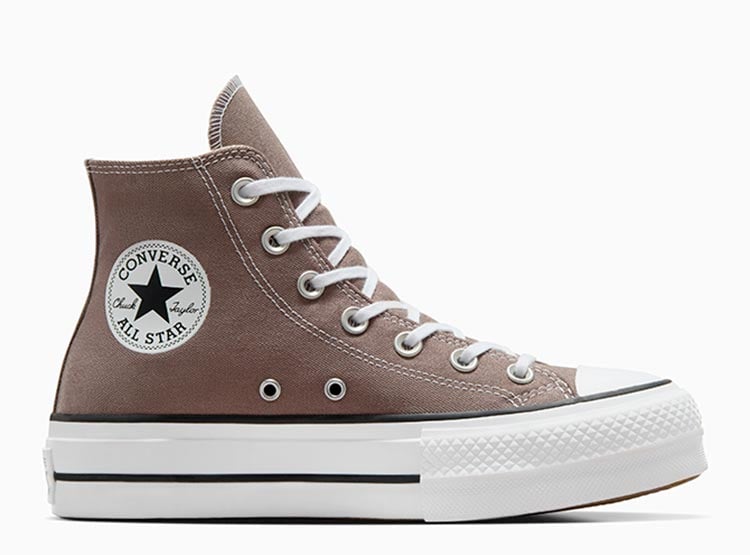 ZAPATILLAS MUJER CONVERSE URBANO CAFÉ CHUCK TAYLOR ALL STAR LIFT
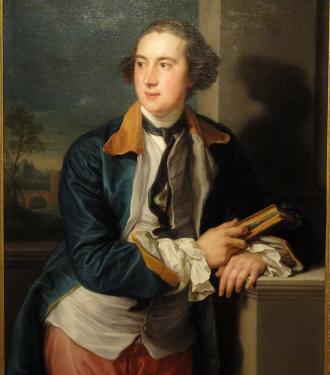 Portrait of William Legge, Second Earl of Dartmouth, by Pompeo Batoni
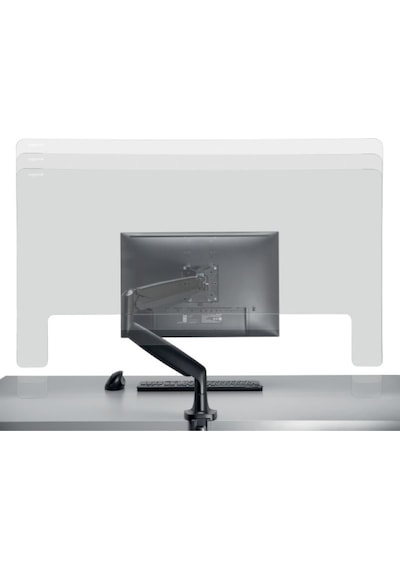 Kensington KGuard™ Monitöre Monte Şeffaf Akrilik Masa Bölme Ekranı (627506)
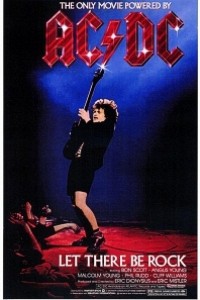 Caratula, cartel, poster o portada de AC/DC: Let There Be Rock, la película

:::

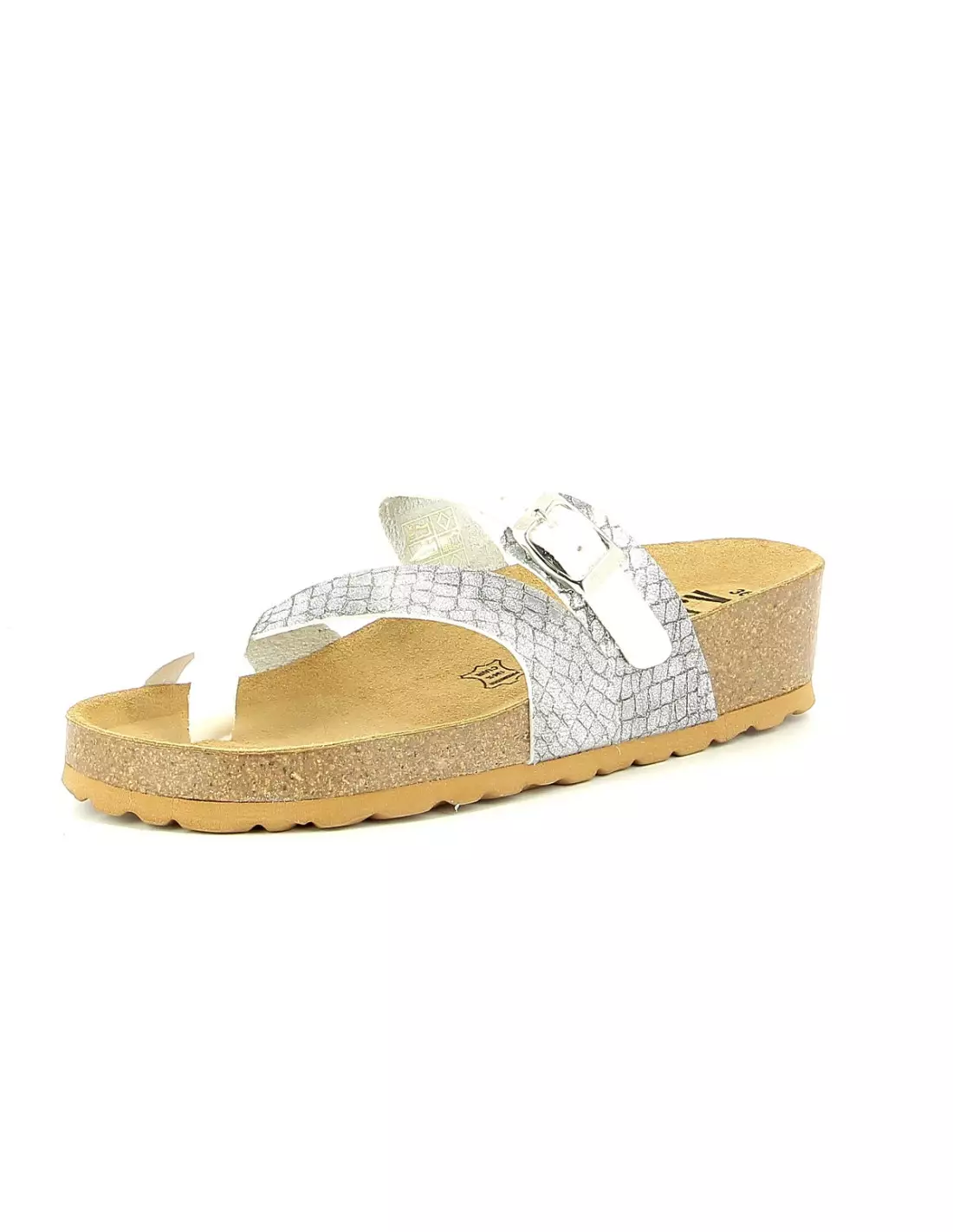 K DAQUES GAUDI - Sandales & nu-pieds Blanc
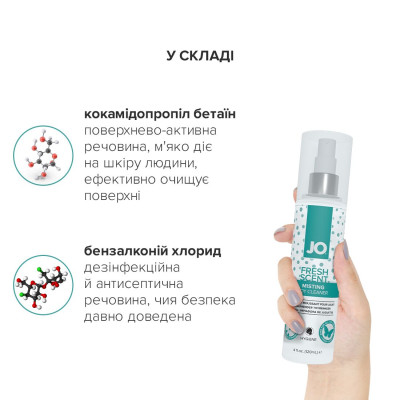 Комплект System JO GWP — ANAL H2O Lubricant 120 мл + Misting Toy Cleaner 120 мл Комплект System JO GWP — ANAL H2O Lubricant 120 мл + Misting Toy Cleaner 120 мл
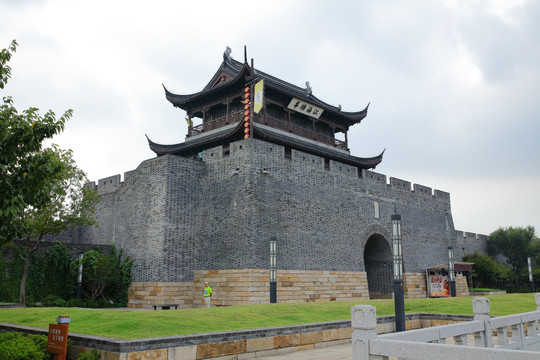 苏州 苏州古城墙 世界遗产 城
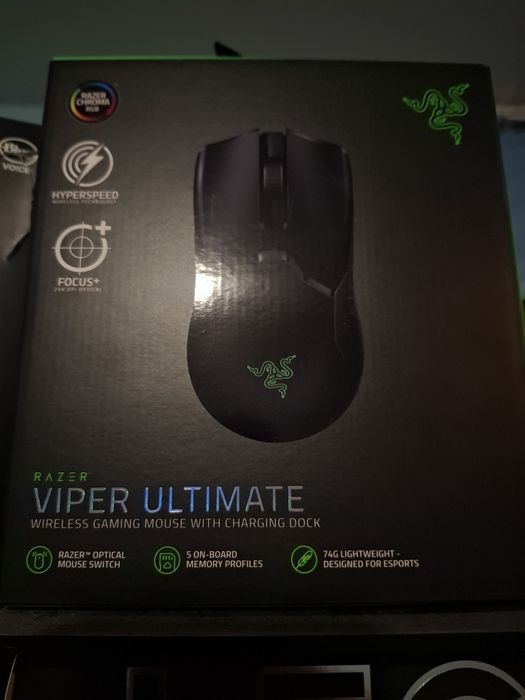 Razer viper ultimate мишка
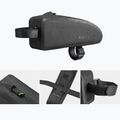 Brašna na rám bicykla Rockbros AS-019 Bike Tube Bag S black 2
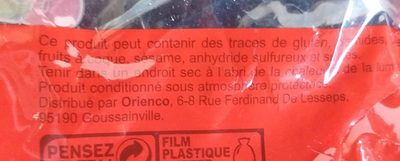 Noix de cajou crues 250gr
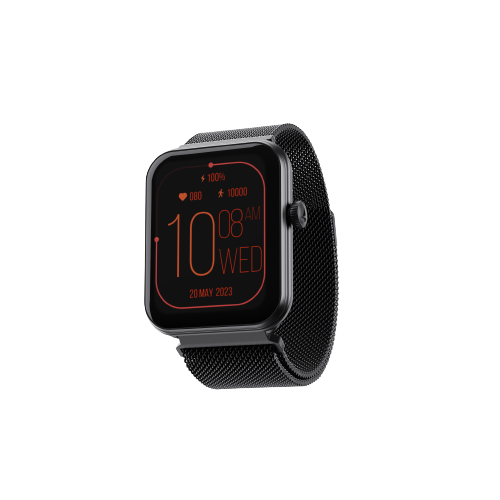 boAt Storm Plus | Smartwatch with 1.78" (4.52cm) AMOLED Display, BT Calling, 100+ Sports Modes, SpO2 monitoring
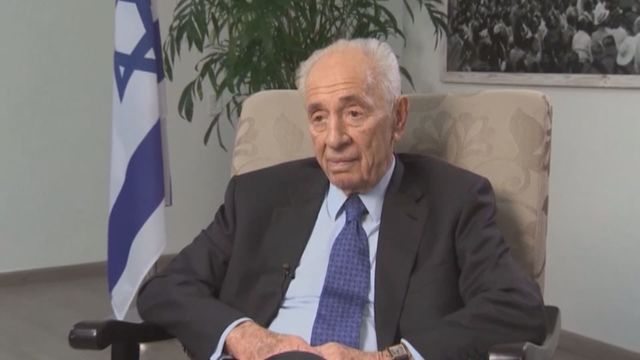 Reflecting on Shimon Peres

:::

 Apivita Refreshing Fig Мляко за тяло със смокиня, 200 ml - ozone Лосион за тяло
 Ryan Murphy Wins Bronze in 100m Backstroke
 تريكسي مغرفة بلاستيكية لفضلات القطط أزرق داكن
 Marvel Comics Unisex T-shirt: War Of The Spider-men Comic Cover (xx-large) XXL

:::

## Exercise description
Starting at the line above with "120 мл Комплект", output every line exactly up to and including the line with "Reflecting on Shimon Peres", but none of the pictures.

## Completed task
 Комплект System JO GWP — ANAL H2O Lubricant 120 мл + Misting Toy Cleaner 120 мл Комплект System JO GWP — ANAL H2O Lubricant 120 мл + Misting Toy Cleaner 120 мл
 苏州 苏州古城墙 世界遗产 城
 Razer viper ultimate мишка
 Brašna na rám bicykla Rockbros AS-019 Bike Tube Bag S black 2
 Noix de cajou crues 250gr
 boAt Storm Plus | Smartwatch with 1.78" (4.52cm) AMOLED Display, BT Calling, 100+ Sports Modes, SpO2 monitoring
 Reflecting on Shimon Peres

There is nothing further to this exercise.